Ces négociations font suite à un été perturbé par des incidents territoriaux dans l’Est de l’Asie. La Chine a mis en colère ses voisins, en particulier Taiwan et les Philippines, en revendiquant de manière agressive les iles du Sud. Le Japon est, quant à lui, rentré en désaccord avec la Corée du Sud concernant des îles que les deux pays réclament.

L’humeur semble tout de même à la conciliation, puisque la Corée du Sud a déclaré que les exercices de défense prévus pour ce week-end ne seraient plus simulés sur les îles Dokdo en question (appelées Takeshima au Japon).
Un porte-parole du président sud-coréen Lee Myung-bak a nié que « l’invasion » ait été annulée pour apaiser le Japon. « Les exercices de défense sur les îles Dokdo ne sont pas simplement militaires. Il s’agit d’un exercice de nature politique, visant à montrer notre volonté de ne tolérer aucune agression sur notre territoire sacré »

Les États-Unis pris entre deux feux

L’embrasement autour des îles Senkaku est problématique pour les États-Unis. Dans le cadre du traité de sécurité  américano-japonais de 1960, Washington doit venir en aide au Japon si un de ses territoires est attaqué. Mais lors d’une visite officielle à Pékin mercredi 5 septembre, la secrétaire d’État américaine Hillary Clinton a déclaré aux journalistes que les États-Unis ne favoriseraient pas un camp par rapport à l’autre.
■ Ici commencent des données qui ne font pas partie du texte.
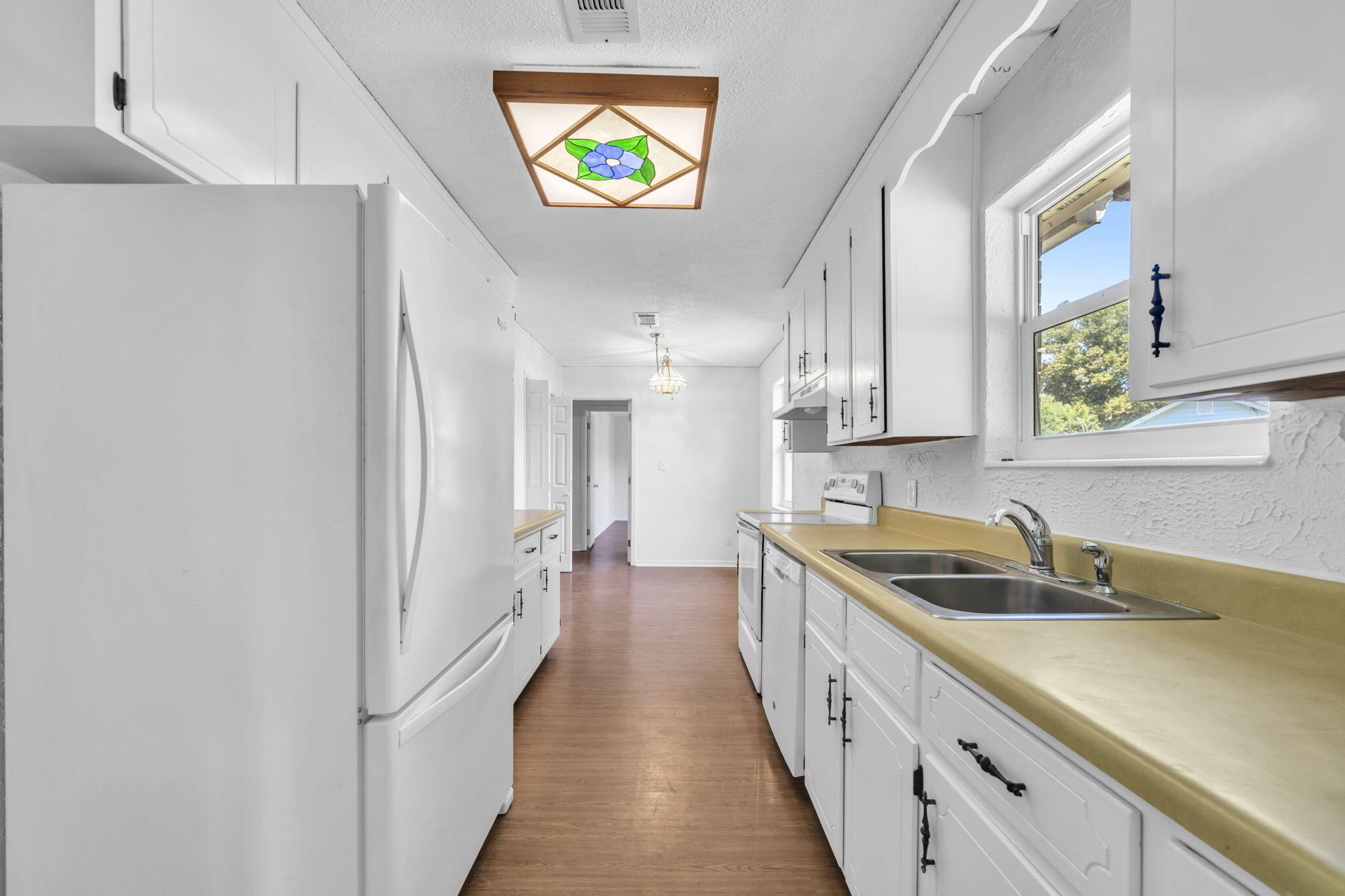 748 Spring Lake Drive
Une décision qui intervient quelques jours à peine après que la Chine a clairement annoncé qu’une ingérence américaine serait malvenue.

[image:2,l]

La tension autour des Senkaku s’est intensifiée en septembre 2010, lorsqu’un bateau de pêche chinois est entré en collision avec deux navires de la garde côtière japonaise. Afin d’éviter que la situation ne dégénère, le Japon a arrêté le capitaine du bateau de pêche, mais l’a ensuite relâché sans inculpation.

Entre diplomatie et provocation

Mise à part son plan de nationalisation, Yoshihiko Noda semble déterminé à apaiser les tensions en acceptant de ne pas construire une jetée ou d’autres installations sur les îles. Un geste qui aurait de graves répercussions, avait averti la Chine.
Shintaro Ishihara, en revanche, avait laissé entendre qu’il voulait bâtir un observatoire météorologique et des docks. La semaine dernière, il avait aussi déclaré qu’il construirait des abris contre les typhons pour les pêcheurs japonais. Il a récemment déclaré que le propriétaire des Senkaku lui avait dit que le marché devait être finalisé avec lui, alors que l’offre des responsables tokyoïtes était encore en jeu.

Un bras de fer nationaliste

Ce récent bras de fer a enflammé les sentiments nationalistes de la Chine et du Japon. Un groupe de militants hongkongais a d’ailleurs été arrêté en atterrissant sur les îles. En Chine, des manifestations ont eu lieu, et des groupes de nationalistes japonais ont fait de même quelques jours après.

Retirer Ishihara de l’équation, si les dires des médias s’avèrent confirmés, aura peut-être été perçu comme un acte diplomatique de la part de Noda. Mais cela ne suffira pas à faire taire la clameur des médias chinois.

« Il sera difficile d’apaiser les relations tendues entre la Chine et le Japon si les Japonais continuent d’adopter une approche à deux faces comme celle-ci. D’un côté, exprimer de la bonne volonté et de l’autre, permettre aux forces de droite de kidnapper le gouvernement et l’opinion du pays », pouvait-on lire dans un éditorial du Quotidien du Peuple, le mercredi 5 septembre dernier.